10.2型のワイド光沢液晶ディスプレイを採用する(写真=左)。表面にアクリルパネルが装着済みで、画面への映り込みが目につく。解像度はほかのNetbookと同じ1024×600ドットだ。液晶ディスプレイ上部にWebカメラを内蔵する(写真=中央)。GPU-Z 0.2.8の画面(写真=右)

Intel Graphics Media Accelerator Driver for Mobileの画面。グラフィックスメモリには最大128Mバイトのメインメモリが割り当てられる

 キーボードは、ゆとりがあるHP 2133と同じユニットが取り入れられており、アルファベットキーで17.5ミリのキーピッチ(キー自体は16ミリ×16ミリの正方)を確保している。HP 2133は発売当初、英語キーボードも用意されていたが、今では直販/店頭モデルとも日本語キーボードに統一されており、Mini 1000もそれに習った格好だ。最下段のキーは縦方向が19ミリと長くなっており、日本語キーボードながらスペースバーは61.5ミリと長めで、そのぶんほかのキーの横方向は13ミリ(キーピッチは14ミリ)と狭い。

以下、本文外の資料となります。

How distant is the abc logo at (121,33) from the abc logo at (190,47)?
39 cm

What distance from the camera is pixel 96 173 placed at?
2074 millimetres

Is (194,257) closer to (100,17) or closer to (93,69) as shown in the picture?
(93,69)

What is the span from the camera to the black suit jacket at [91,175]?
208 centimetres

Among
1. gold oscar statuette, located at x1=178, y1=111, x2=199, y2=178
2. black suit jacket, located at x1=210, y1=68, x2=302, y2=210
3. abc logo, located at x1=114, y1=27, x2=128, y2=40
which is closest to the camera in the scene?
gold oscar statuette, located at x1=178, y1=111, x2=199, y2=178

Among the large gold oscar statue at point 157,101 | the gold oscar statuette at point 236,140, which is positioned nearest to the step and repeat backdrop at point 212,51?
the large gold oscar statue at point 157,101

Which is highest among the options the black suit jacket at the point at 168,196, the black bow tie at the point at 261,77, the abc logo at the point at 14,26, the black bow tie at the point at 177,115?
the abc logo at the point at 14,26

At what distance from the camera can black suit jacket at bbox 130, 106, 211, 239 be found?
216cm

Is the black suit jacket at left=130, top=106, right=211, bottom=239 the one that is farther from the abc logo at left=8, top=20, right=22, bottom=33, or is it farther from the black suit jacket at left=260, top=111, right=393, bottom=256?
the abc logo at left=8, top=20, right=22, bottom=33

 不規則なキー配列は見られず、強くキーをたたいてもユニットが大きくしなることもなく、快適に入力が可能だが、入力時にわずかではあるがカチャカチャという音がするのは気になった。

 タッチパッドは実測値で59.5×34ミリあり、右側にスクロールエリアを設けている。ジェスチャー機能は対応していないが、シナプティクスの多機能ドライバが導入済みで、コーナータップやエッジモーションといった一通りの機能は備えている。タッチパッドの機能をワンタッチでオン/オフできるボタンがタッチパッド上部に用意されているのも、同社製PCならではといえるだろう。ただ、クリックボタンがタッチパッドの左右に分かれて配置されており、好みが別れるところだ。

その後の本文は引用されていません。